2) Execute MCP tools in your host/runtime
AbstractCore’s default execution path is passthrough (execute_tools=False): the model can
request tool calls and you execute them in your host/runtime.
The built-in abstractcore.tools.registry.execute_tools() executes Python callables registered in
the (deprecated) global registry; it does not automatically route MCP tool calls. For MCP, your
host/runtime should detect names starting with mcp:: and dispatch them to an MCP client.
from abstractcore.mcp import McpClient, parse_namespaced_tool_name
client = McpClient(url="http://localhost:3000")
def execute_mcp_tool_call(call: dict) -> dict:
parsed = parse_namespaced_tool_name(call.get("name", ""))
if not parsed:
raise ValueError("Not an MCP tool call")
server_id, tool_name = parsed
return client.call_tool(name=tool_name, arguments=call.get("arguments") or {})
Transports supported
Streamable HTTP
McpClient posts JSON-RPC to the server URL. It automatically sets an Accept header compatible
with streamable HTTP (application/json, text/event-stream) and will capture MCP-Session-Id
responses when provided.
See abstractcore/abstractcore/mcp/client.py.
stdio
McpStdioClient spawns an MCP server subprocess and communicates over stdin/stdout with JSON-RPC,
including a best-effort initialization handshake.
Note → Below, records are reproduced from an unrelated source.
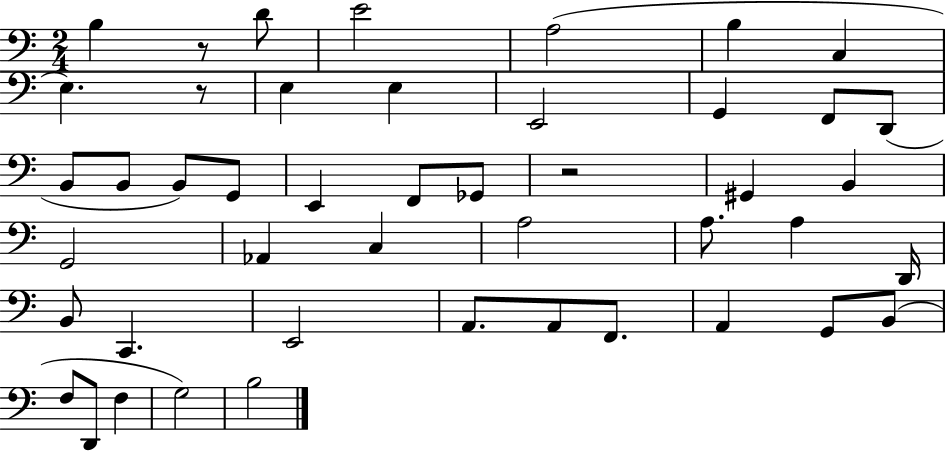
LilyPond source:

{
  \clef bass
  \numericTimeSignature
  \time 2/4
  \key c \major
  b4 r8 d'8 | e'2 | a2( | b4 c4 | \break e4.) r8 | e4 e4 | e,2 | g,4 f,8 d,8( | \break b,8 b,8 b,8) g,8 | e,4 f,8 ges,8 | r2 | gis,4 b,4 | \break g,2 | aes,4 c4 | a2 | a8. a4 d,16 | \break b,8 c,4. | e,2 | a,8. a,8 f,8. | a,4 g,8 b,8( | \break f8 d,8 f4 | g2) | b2 | \bar "|."
}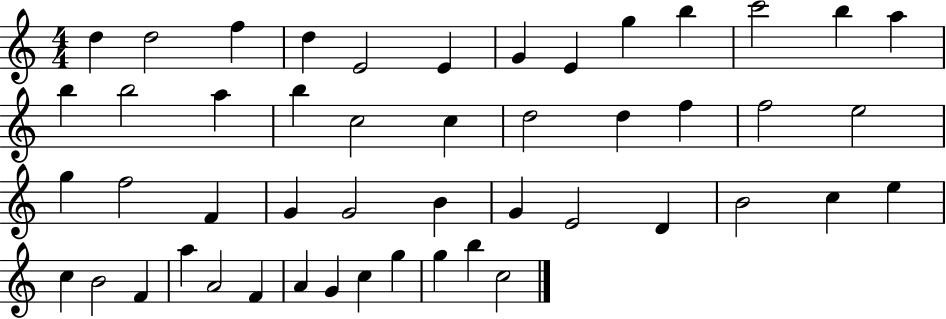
D5/q D5/h F5/q D5/q E4/h E4/q G4/q E4/q G5/q B5/q C6/h B5/q A5/q B5/q B5/h A5/q B5/q C5/h C5/q D5/h D5/q F5/q F5/h E5/h G5/q F5/h F4/q G4/q G4/h B4/q G4/q E4/h D4/q B4/h C5/q E5/q C5/q B4/h F4/q A5/q A4/h F4/q A4/q G4/q C5/q G5/q G5/q B5/q C5/h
See abstractcore/abstractcore/mcp/stdio_client.py.
Configuration helpers
create_mcp_client(config=...) supports both HTTP and stdio config shapes:
from abstractcore.mcp import create_mcp_client
client = create_mcp_client(config={"url": "http://localhost:3000"})
client = create_mcp_client(config={"transport": "stdio", "command": ["my-mcp-server", "--stdio"]})
See abstractcore/abstractcore/mcp/factory.py.
Current limitations
- MCP is currently a library-level integration (tool discovery + clients). AbstractCore’s HTTP server does not expose MCP management endpoints.
- Tool execution routing for
mcp::...names is host/runtime responsibility.